The Real Story Behind the Hershberger Award

In 1973, 15 college basketball players were honored with a Hershberger Award from the National Association of Collegiate Basketball Writers. Some of those players went on to further college glory and the NBA (one now coaches the Harlem Globetrotters). But the awards were not given in 1974, or any other year, because the award was a hoax, cooked up by four students at College of William & Mary. Steven Noll, Paul Pavlich, Reed Bohne, and Tom Duncan selected the players, sent certificates to their colleges, and issued a press release that the AP circulated.

The pranksters went to great lengths to make the award believable. They spent hours at the library, paging through newspaper box scores to help them select recipients. They designed stationery with a spinning basketball and the official-sounding slogan: "Serving the Sport." They sent correspondence from Mr. Noll's parents' address in Garden City, N.Y., for big-city authority.

"My mother thought we'd go to prison for mail fraud," Mr. Noll said.

Paul Pavlich, a co-conspirator, said that plotting the scam was as painstaking as an ascent of Mount Everest. "We tried to figure out everything that could go wrong," he said.
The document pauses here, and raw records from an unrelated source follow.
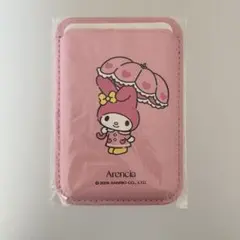 Arencia マイメロディ カードケース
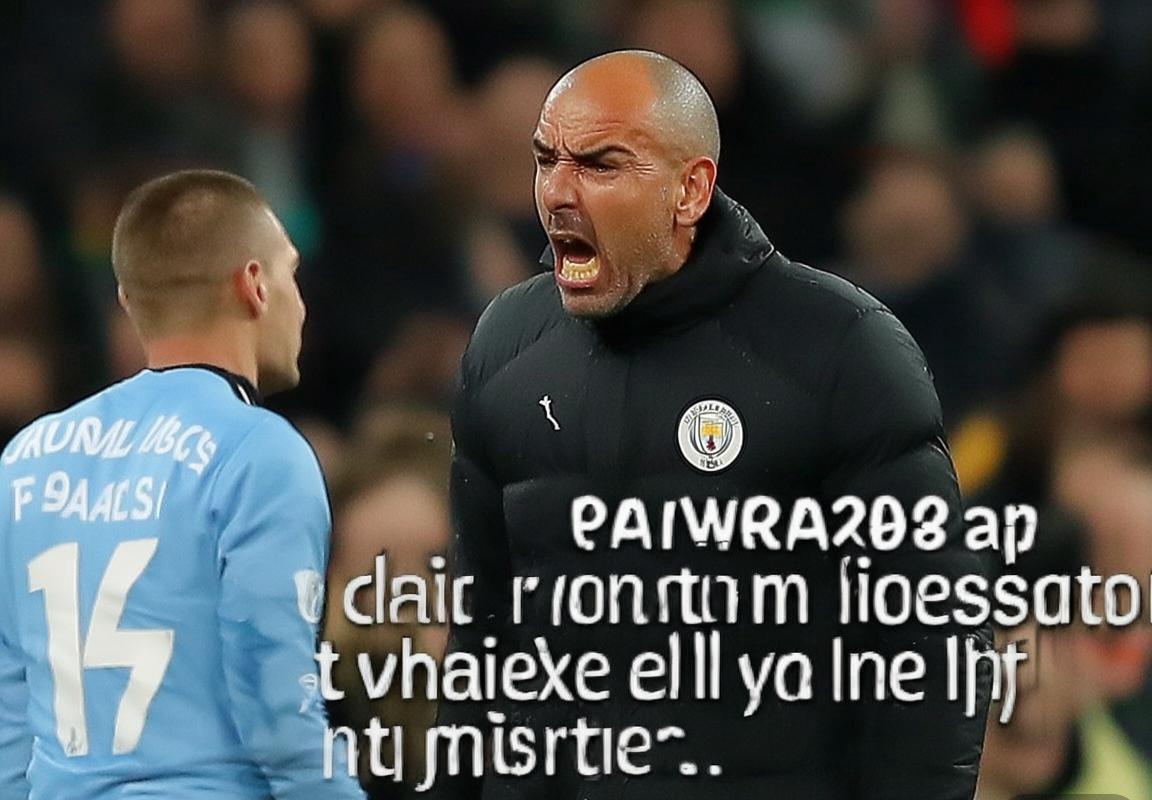 曼城瓜迪奥拉VAR争议：点球漏判与足球公正性探讨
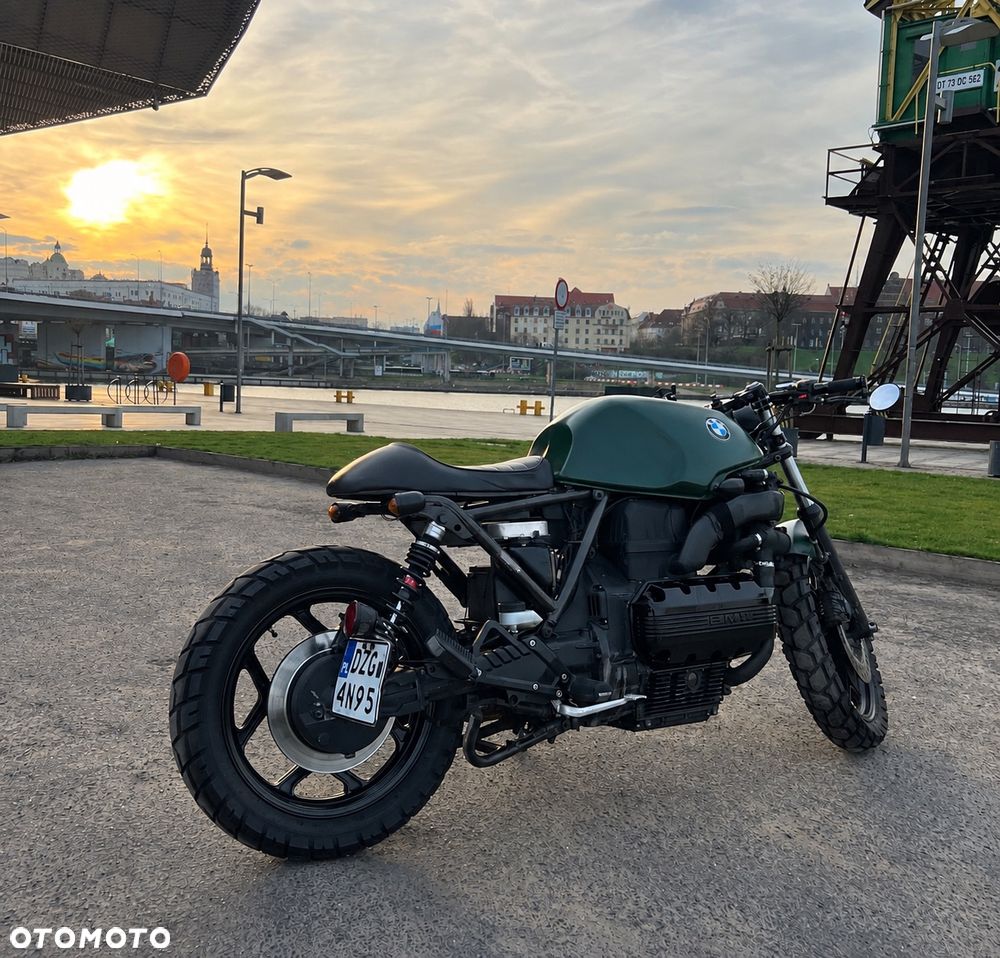 BMW K - 4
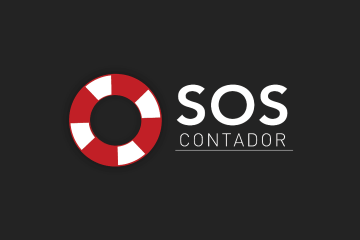 sos contador logo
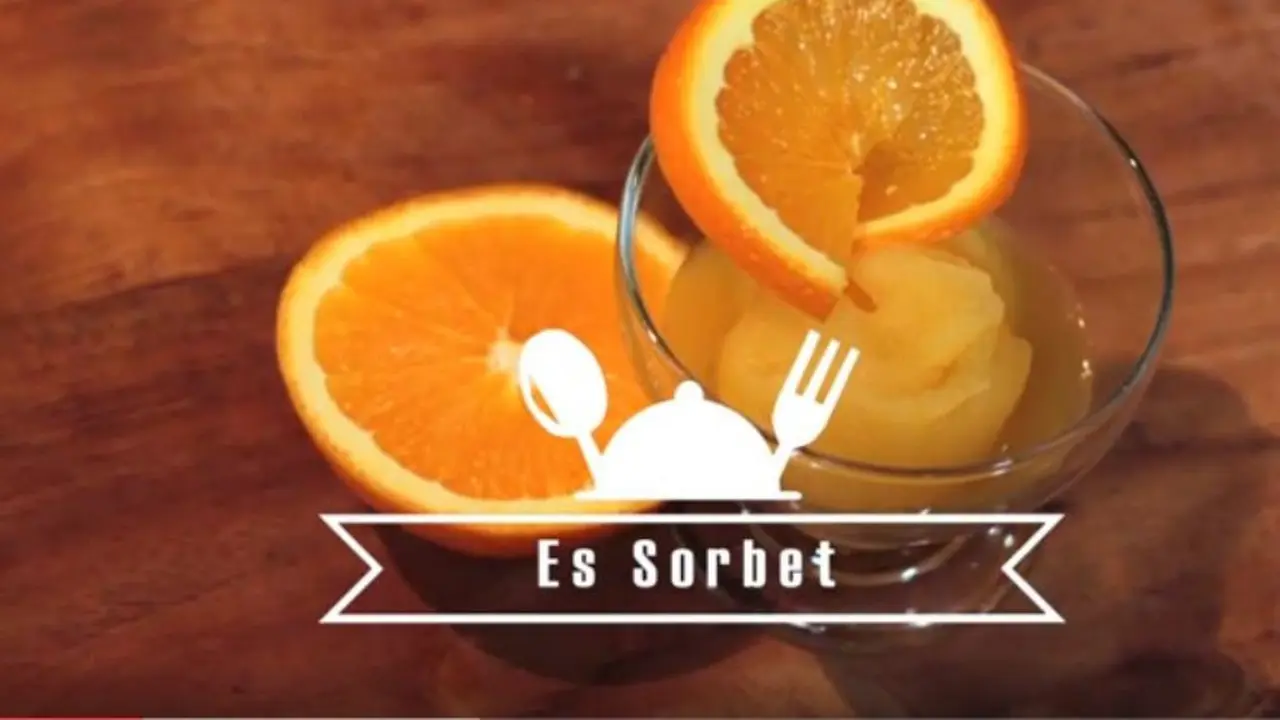 [Bintang] Menu Ramadan, Minuman Menyegarkan Es Sorbet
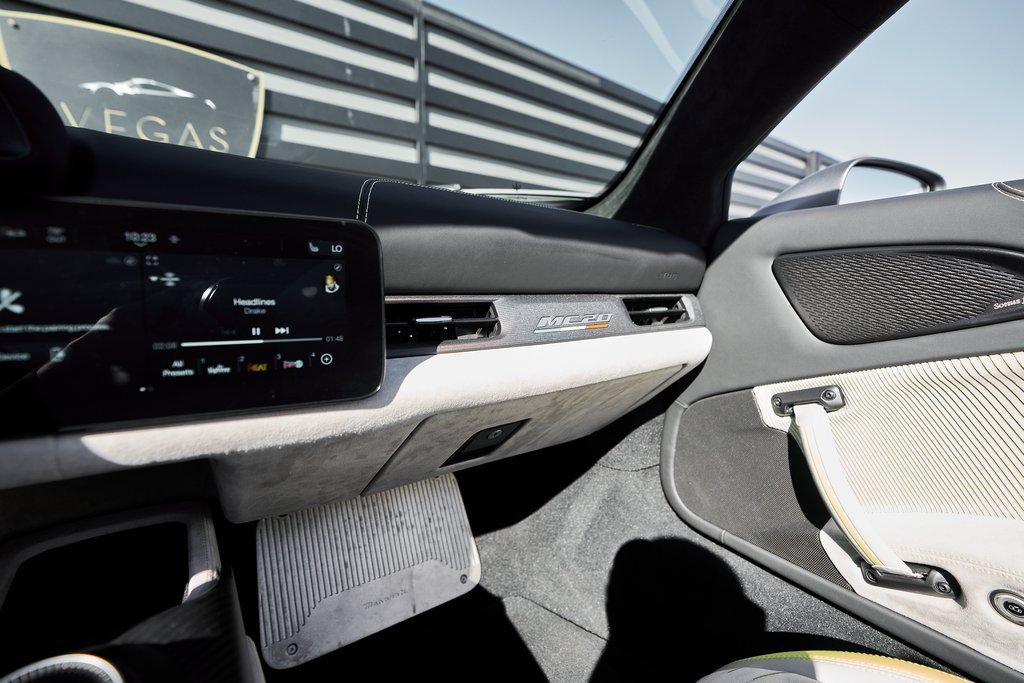 Used 2023 Maserati MC20 Spyder image 72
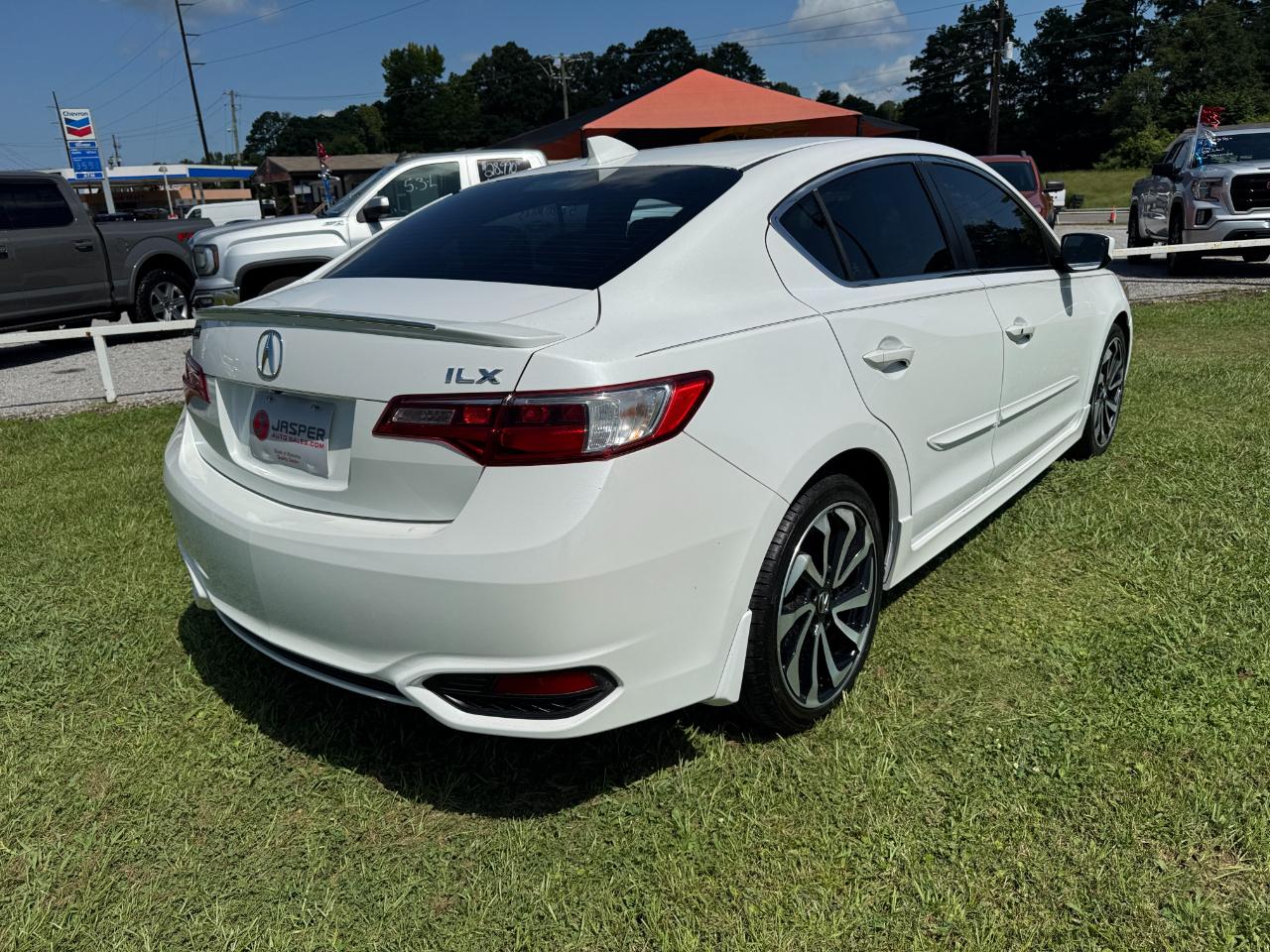 Acura ILX 8-Spd AT w/ Technology Plus Package 2016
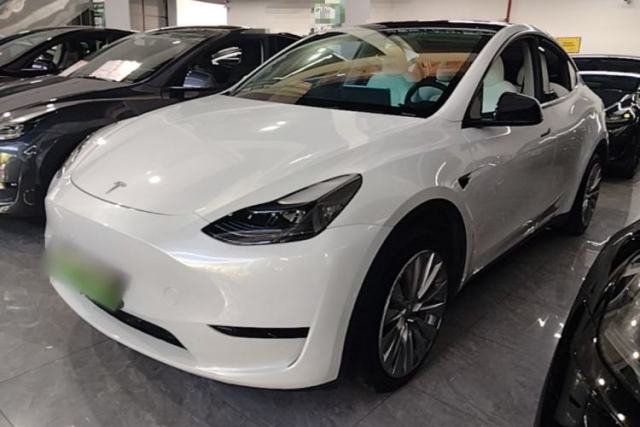 Used Tesla Model Y 2022 Revised Version Rear-Wheel Drive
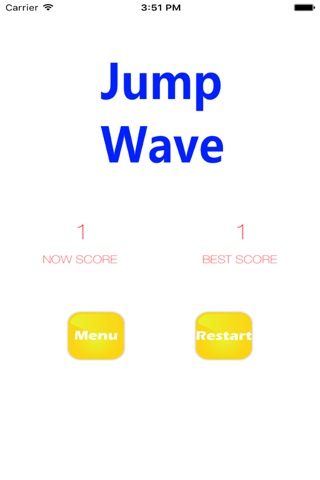 Jump Wave screenshot 3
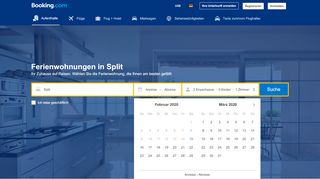 
                            7. Die 10 besten Ferienwohnungen in Split, Kroatien | Booking.com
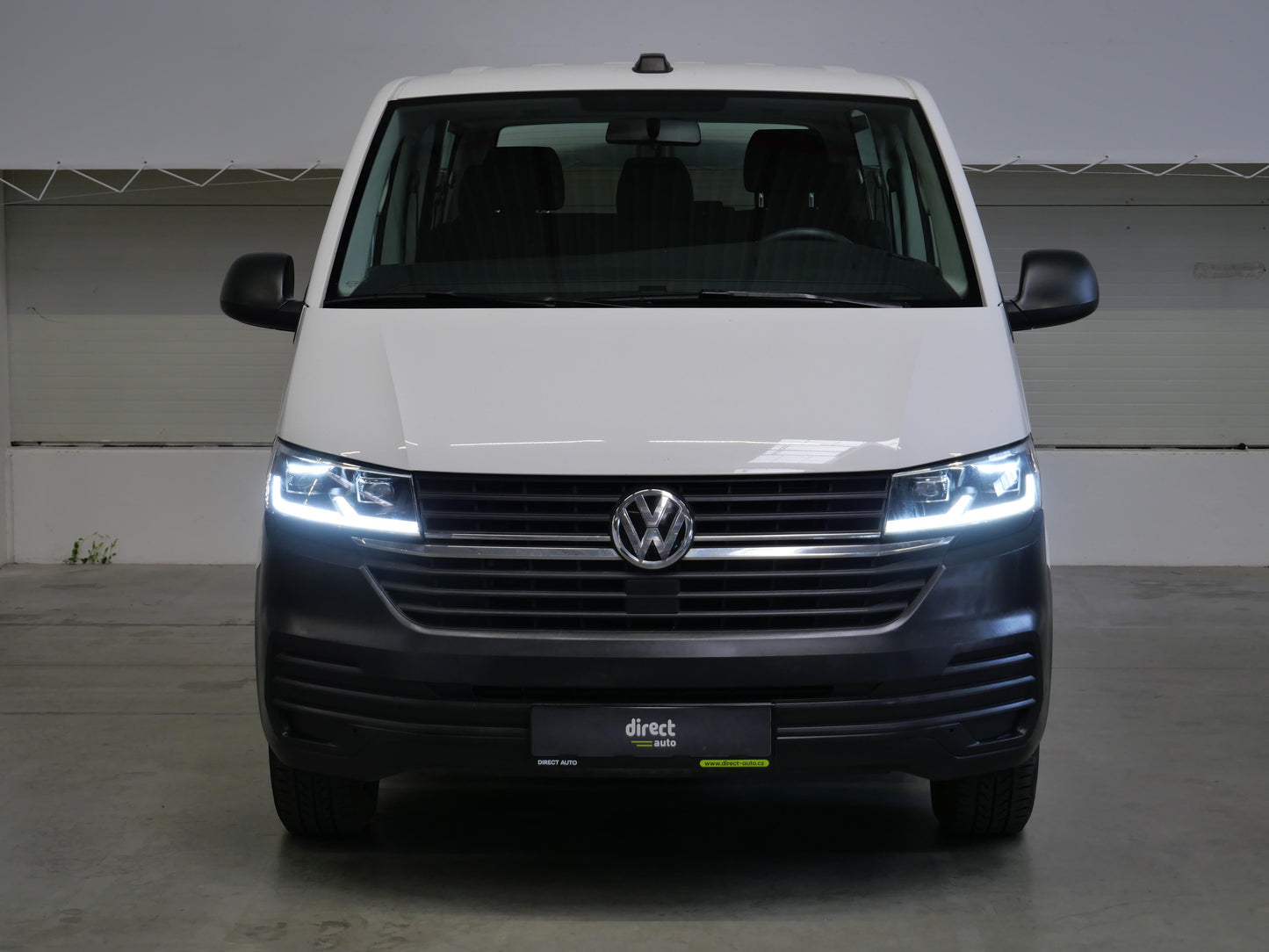 Volkswagen Transporter 2.0 TDI 110 kW DSG Long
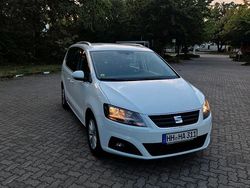 Weiß Gebraucht 2017 Seat Alhambra Van / Kleinbus | 11.699 € (Superpreis)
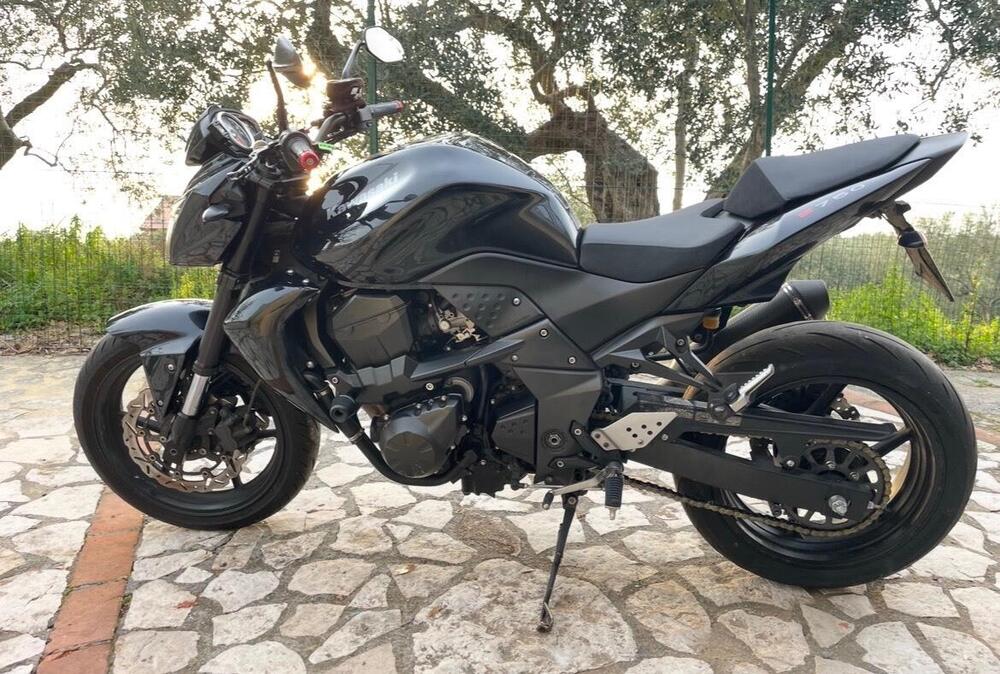 Kawasaki Z 750 (2007 - 14) (2)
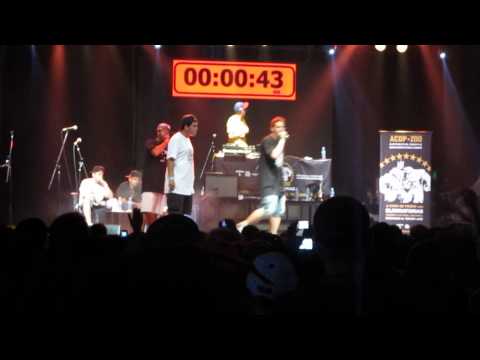 Ganjahman Vs Espi One - Final Nacional ACDP Zoo Juniors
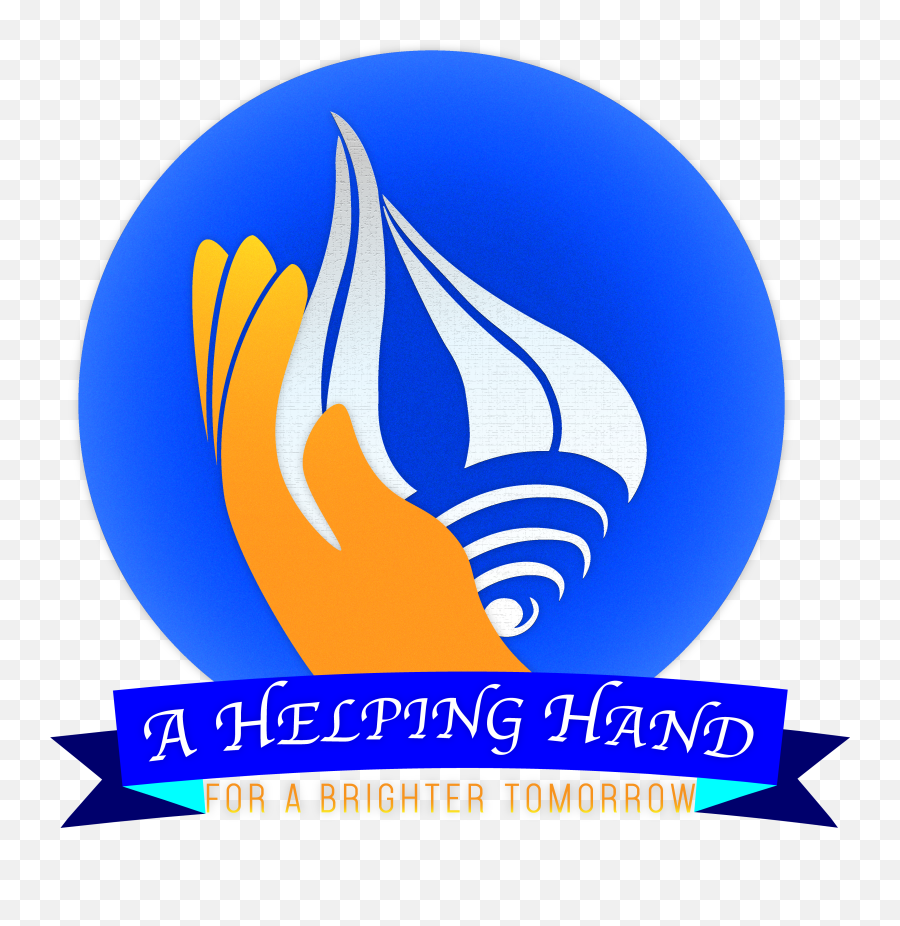 A Helping Hand Logo Clipart Png Hands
Their preparation paid off. Newspapers printed their fabricated details. An article in the Miami Herald published March 27, 1973, announced the all-rookie team as "selected by the nation's college basketball writers." The Hartford (Conn.) Courant noted that North Carolina State's David Thompson was "the only unanimous choice." News of the award also appeared in the Los Angeles Times, Atlanta Constitution, New York Daily News and elsewhere.